Have I always been this way?
What are some of the symptoms and characteristics you should be aware of when considering that you might have ADHD? And what should you do if you think you have the disorder? Dr. J. Faye Dixon discusses the first steps in getting a diagnosis.
Transcription follows this 2:29 minute video
Transcription Lightly Edited
ADHD Awareness Month
Discovering New Perspectives
Certainly part of that I think could be looking at symptoms that were happening earlier, like have I always struggled with attention? Have I always been distractible? Have I always had a hard time being organized and, you know, sort of managing my time and being insensitive to, you know, time demands?

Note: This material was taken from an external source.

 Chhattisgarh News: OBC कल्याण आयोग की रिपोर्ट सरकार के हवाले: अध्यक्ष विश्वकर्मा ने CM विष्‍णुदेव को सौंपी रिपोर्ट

One of the first places I think to start for people is often, you know, with their family practitioner or their primary care provider and talking with them about symptoms. But really sort of being able to take that developmental perspective.
So sometimes, for adults, it may be speaking with their parents, speaking with older siblings, speaking with a teacher who knew them well who can say, yeah, you know I remember that developmental history. And so starting with one’s physician, and asking for a referral.
You know, might it be worth me speaking with a psychologist and someone who could do a thorough evaluation to see if the symptoms that I’m having are best accounted for by a diagnosis of ADHD?
About the Speaker
J. Faye Dixon, PhD, is a licensed clinical psychologist and Clinical Professor in the Department of Psychiatry and Behavioral Sciences at UC Davis. She has a long history of work in child psychopathology, specifically the areas of depression, anxiety, PTSD, ADHD and learning differences in children. Currently, Dr. Dixon is the director of clinical management and community outreach for the AIR (Attention, Impulsivity & Regulation) Lab. She is responsible the clinical and diagnostic fidelity of the AIR Lab research. She also has spent many years educating and training psychology graduate students, interns, and post-doctoral fellows as well as medical students, residents and child psychiatry fellows.